La dramaturgia como práctica de fe o como fe práctica (III)

“Dios es la didascalia de la existencia”. Mauricio Kartun.

Después de años leyendo lo que se supone que hay que leer, tomando clases de esto y aquello, convirtiéndome en actriz, dirigiendo mis textos, embarcándome en interminables discusiones, devoluciones tras ensayos, reuniones de cooperativa, viendo películas, documentales, series y obras, analizándolas para escribir sobre ellas porque sí o porque toca; después de años idealizando la profesión mientras se encaran sus realidades, admirando el talento ajeno, muriéndome de miedo, de envidia o de vergüenza, tratando de “no tener nada más que ver con TODO esto”, abandonando para volver más convencida de no sé qué, incapaz de congraciarme con la práctica social del gremio y no pudiendo digerir los delirios y excesos del rubro... Después de tanto y nada, sigo sin una explicación certera o medianamente aceptable con la que responder a cuestiones básicas: qué es el teatro, para qué sirve, qué hace.
En el intento de responder esas preguntas se comienza apelando a la historia, la teoría y la argumentación de los grandes maestros, pero se termina cayendo en una explicación personalísima, subjetiva  y confusa de la experiencia de cada quien como si en la suma de esas anécdotas hubiera una verdad irrefutable que logre traducirnos. Es difícil, muy difícil, tratar de explicar(se) el funcionamiento de una vocación que puede ser (o  no ser) tu profesión paga, pero que define e incluye gran parte de lo que te interesa, es más, en ocasiones, llega a ser lo único que te arranca del ensimismamiento sobre la inercia cotidiana recordándote que la vida es otra cosa. Cuando esos resortes se activan combinados estamos apelando a lo que Kartun reconoce como la “dimensión metafísica” de la acción, que es, ni más ni menos, que la asunción del teatro como una celebración de la existencia, del movimiento vital e imparable que la define.
Esa metafísica del teatro que nos ampara desde los albores de la humanidad, nos lleva a considerar todo lo que implica como un poderoso acto de fe. Fe sin la que sus creadores nunca podrían dar el primer paso y fe sobre la que se articula el famoso pacto ficcional con el público, ese raro fenómeno que logra que sigamos acudiendo a la cueva singular que es una sala de teatro.
Hay que creer. O reventar. Creer que los recursos del teatro son ilimitados y que a través de él podemos abordar cualquier aspecto del ser.
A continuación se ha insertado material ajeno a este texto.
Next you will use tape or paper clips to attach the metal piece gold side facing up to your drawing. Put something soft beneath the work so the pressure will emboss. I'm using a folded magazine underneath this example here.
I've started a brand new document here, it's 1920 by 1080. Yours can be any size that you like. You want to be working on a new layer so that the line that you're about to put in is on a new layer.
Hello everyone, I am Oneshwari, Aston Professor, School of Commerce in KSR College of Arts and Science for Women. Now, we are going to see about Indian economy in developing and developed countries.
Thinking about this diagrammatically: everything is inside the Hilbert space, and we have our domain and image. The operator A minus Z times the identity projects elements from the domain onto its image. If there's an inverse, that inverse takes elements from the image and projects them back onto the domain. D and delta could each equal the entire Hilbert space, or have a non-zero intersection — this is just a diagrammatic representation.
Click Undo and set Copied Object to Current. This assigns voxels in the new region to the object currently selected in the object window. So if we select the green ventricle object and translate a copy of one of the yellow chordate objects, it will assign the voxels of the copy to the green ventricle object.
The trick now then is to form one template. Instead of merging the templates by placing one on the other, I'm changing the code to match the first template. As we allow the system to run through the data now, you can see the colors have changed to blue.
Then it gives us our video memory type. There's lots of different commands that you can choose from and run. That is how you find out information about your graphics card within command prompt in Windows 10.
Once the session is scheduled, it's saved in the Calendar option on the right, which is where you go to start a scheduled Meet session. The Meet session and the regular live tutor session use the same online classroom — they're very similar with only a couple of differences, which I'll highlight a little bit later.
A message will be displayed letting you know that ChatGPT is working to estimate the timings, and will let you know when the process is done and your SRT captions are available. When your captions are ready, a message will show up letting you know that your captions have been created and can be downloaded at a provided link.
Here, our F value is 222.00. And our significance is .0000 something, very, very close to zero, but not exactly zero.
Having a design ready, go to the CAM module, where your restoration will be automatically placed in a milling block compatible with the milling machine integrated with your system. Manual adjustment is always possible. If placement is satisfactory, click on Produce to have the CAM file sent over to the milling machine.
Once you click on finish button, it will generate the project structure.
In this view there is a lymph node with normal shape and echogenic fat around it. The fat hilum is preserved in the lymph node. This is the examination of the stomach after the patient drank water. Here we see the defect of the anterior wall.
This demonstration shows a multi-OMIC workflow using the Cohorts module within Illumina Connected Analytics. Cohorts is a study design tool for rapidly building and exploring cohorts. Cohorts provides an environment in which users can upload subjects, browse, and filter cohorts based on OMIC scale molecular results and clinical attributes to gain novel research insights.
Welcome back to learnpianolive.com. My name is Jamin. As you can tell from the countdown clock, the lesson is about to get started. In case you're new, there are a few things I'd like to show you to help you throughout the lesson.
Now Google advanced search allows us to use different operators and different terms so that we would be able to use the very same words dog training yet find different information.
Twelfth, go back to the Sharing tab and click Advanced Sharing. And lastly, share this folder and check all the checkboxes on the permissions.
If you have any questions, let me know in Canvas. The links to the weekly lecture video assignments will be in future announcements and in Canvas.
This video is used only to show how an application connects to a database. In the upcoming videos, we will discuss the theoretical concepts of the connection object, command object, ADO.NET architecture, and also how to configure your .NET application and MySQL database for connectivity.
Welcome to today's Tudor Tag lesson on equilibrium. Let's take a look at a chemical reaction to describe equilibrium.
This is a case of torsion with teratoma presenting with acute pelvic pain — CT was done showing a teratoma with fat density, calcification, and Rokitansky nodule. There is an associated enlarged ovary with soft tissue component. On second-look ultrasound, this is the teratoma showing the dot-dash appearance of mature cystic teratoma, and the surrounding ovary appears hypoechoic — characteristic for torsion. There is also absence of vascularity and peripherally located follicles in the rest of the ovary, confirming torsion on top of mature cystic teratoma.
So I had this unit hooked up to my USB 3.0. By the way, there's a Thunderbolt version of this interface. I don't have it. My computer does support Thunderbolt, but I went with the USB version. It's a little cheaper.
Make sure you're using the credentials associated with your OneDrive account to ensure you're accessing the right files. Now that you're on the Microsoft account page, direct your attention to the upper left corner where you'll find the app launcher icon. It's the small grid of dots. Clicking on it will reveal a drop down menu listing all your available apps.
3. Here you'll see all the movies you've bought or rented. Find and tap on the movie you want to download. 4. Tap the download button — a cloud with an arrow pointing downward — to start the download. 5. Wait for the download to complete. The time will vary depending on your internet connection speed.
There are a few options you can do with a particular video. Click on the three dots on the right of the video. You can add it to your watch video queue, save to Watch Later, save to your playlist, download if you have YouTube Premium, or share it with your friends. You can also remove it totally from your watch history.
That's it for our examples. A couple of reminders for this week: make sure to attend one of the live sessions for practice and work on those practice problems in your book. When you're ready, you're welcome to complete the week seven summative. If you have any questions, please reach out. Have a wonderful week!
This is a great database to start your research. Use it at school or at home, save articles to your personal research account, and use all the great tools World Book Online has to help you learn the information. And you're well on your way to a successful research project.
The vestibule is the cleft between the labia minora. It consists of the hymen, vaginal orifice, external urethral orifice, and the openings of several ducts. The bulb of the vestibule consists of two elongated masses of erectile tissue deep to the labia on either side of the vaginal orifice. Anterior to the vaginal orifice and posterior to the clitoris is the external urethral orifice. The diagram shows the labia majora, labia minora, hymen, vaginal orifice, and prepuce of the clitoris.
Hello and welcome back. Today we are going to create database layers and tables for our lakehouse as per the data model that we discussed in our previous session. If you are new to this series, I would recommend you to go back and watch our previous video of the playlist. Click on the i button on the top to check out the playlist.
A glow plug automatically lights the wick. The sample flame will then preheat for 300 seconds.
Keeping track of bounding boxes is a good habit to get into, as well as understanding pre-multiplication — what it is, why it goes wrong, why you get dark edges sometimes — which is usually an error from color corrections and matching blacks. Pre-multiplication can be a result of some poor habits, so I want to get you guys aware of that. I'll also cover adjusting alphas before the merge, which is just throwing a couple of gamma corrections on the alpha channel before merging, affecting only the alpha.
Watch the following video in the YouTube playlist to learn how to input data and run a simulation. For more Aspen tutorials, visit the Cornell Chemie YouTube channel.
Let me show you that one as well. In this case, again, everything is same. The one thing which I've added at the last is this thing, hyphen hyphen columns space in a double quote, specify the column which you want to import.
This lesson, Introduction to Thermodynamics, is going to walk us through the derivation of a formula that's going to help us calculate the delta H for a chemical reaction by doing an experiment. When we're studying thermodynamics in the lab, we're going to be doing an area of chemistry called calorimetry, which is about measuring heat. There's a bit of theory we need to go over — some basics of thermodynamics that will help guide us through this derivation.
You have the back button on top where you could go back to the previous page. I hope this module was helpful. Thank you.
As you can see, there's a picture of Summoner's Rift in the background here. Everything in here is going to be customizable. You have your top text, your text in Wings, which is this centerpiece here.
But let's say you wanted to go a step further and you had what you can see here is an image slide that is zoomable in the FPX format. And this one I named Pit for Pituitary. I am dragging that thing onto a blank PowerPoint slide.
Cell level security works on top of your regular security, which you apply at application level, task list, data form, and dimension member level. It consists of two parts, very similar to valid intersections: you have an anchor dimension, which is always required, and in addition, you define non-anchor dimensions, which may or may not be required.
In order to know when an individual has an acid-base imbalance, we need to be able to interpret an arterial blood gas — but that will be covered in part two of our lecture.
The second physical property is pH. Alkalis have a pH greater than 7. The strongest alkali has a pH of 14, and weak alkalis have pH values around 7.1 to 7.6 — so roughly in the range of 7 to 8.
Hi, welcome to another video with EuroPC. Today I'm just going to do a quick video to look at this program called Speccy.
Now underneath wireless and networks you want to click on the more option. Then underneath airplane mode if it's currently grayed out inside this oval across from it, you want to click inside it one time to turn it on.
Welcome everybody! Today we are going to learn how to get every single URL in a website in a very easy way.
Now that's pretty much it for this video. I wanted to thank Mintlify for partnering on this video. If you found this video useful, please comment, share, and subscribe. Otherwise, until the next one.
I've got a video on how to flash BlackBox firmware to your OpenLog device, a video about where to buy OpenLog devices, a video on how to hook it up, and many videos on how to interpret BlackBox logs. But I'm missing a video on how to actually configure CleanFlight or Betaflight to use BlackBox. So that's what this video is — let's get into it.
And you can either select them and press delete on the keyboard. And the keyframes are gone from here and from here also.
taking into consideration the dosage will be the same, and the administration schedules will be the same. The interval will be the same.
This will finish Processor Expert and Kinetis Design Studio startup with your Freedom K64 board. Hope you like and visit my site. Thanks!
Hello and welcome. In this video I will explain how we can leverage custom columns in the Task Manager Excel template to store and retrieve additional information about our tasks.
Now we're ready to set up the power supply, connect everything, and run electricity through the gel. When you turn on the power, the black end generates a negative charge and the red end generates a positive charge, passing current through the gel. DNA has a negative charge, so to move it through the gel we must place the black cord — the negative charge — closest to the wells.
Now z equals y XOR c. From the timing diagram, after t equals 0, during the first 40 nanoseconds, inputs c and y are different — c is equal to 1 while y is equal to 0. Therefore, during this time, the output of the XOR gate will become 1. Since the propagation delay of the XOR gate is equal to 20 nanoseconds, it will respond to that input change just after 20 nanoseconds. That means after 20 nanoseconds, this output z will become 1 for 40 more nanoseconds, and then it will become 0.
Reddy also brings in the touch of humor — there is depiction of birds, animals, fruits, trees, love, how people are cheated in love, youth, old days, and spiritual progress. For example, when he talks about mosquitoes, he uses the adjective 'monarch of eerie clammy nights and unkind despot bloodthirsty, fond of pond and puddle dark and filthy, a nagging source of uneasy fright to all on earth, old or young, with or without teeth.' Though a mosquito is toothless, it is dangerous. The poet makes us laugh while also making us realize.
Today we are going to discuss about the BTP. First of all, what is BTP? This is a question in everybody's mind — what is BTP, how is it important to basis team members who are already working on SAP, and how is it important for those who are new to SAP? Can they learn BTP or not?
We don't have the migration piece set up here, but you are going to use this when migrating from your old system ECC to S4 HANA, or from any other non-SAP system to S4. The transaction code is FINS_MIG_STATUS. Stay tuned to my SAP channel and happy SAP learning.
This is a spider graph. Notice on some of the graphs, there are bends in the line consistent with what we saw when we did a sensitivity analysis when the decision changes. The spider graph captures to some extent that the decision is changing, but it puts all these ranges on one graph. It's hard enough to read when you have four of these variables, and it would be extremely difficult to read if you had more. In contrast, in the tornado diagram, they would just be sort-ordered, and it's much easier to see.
Para ello es necesario enfrentar con humildad sus desafíos y considerar que cada vez que aparece ese lugar común que asegura que “esto no sirve” o “esto no puedo hacerlo en escena”, nos enfrentamos a nuestra propia incapacidad para habitar el escenario, ese campo fértil y minado, donde todo vuela por los aires al menor descuido.
La fe en el teatro quizá sea la razón primera de su supervivencia. Nos gusta pensar que ya entendió que no puede ni debe competir con la industria del entretenimiento. Concebir el teatro como pasatiempo implica ignorar uno de sus grandes logros: instaurar una conversación con otro, con cada uno de los otros que constituyen el público, y lograr que esa persona experimente una modificación íntima en el transcurso de la obra, es decir, que su contacto con el universo planteado resulte tan fluido y satisfactorio que lo trascienda. Si esa trascendencia se manifiesta en una discusión durante la cena posterior [1], o si la obra vista resulta ser el detonante para que vuelva a casa y decida divorciarse o tomar clases de canto, nunca lo sabremos, pero está claro que el deseo profundo de todo poeta, el deseo que no se atreve a confesar en voz alta, está más próximo a la necesidad de comunicarse profunda y secretamente con un desconocido, que con la vaga idea de distraerlo durante un rato de sus espantos. 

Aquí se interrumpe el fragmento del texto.